12. Toepasselijke wettelijke voorschriften
Het hof heeft gelet op de artikelen 47, 57 en 288 van het Wetboek van Strafrecht.
13. Beslissing
Het hof:
Vernietigt het vonnis waarvan beroep en doet opnieuw recht.
Verklaart bewezen dat de verdachte het primair tenlastegelegde, zoals hierboven omschreven, heeft begaan.
Verklaart niet bewezen hetgeen terzake meer of anders is tenlastegelegd en spreekt de verdachte daarvan vrij.
Bepaalt dat het bewezenverklaarde het hierboven vermelde strafbare feit oplevert.
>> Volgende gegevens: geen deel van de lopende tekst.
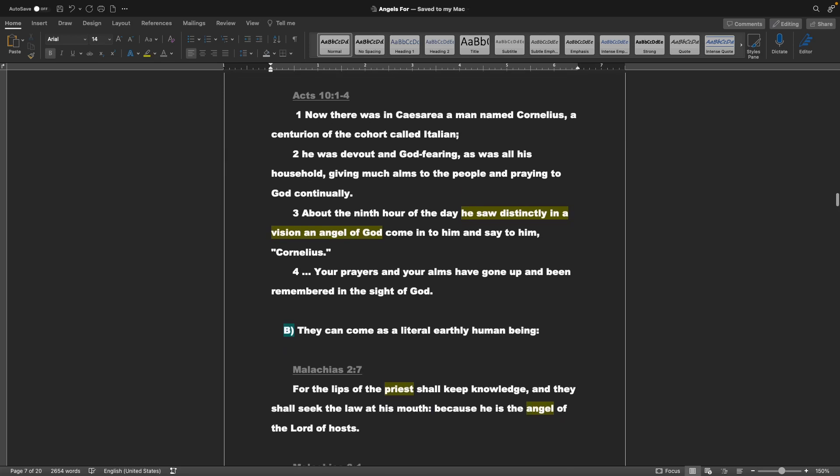Acts of the Apostles chapter 10 verses 1 through 4: Now, there was in Caesarea a man named Cornelius, a centurion of the cohort called Italian. He was devout and God-fearing, as was all his household, giving much alms to the people and praying to God continually. About the ninth hour of the day, he saw distinctly in a vision an angel of God come in to him and say to him, Cornelius, your prayers and your alms have gone up and been remembered in the sight of God.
Verklaart de verdachte strafbaar terzake van het bewezenverklaarde.
Veroordeelt de verdachte tot een gevangenisstraf voor de duur van VIJFTIEN JAREN.
Bepaalt dat de tijd, die door de verdachte vóór de tenuitvoerlegging van deze uitspraak in voorarrest is doorgebracht, bij de uitvoering van de opgelegde gevangenisstraf in mindering wordt gebracht, voorzover die tijd niet reeds op een andere vrijheidsstraf in mindering is gebracht.
Wijst toe de vordering tot schadevergoeding van de benadeelde partij [naam], [adres] tot het gevorderde bedrag van TIENDUIZENDVIERHONDERD VIERENDERTIG EURO en veroordeelt de verdachte om dit bedrag tegen behoorlijk bewijs van kwijting te betalen aan de benadeelde partij.
Veroordeelt de verdachte in de kosten die de benadeelde partij in verband met zijn vordering heeft gemaakt
- welke kosten tot aan deze uitspraak zijn begroot op nihil - en ten behoeve van de tenuitvoerlegging nog moet maken.
Bepaalt dat de verplichting tot betaling aan de benadeelde partij van het bedrag van € 10434,-- komt te vervallen voorzover door de mede-verdachte een bedrag bij wege van schadevergoeding aan deze benadeelde partij is betaald.
Dit arrest is gewezen door mrs. Klein Breteler, Den Os en Teulings, in bijzijn van de griffier Van der Mark.
Het is uitgesproken op de openbare terechtzitting van het hof van 8 juli 2003.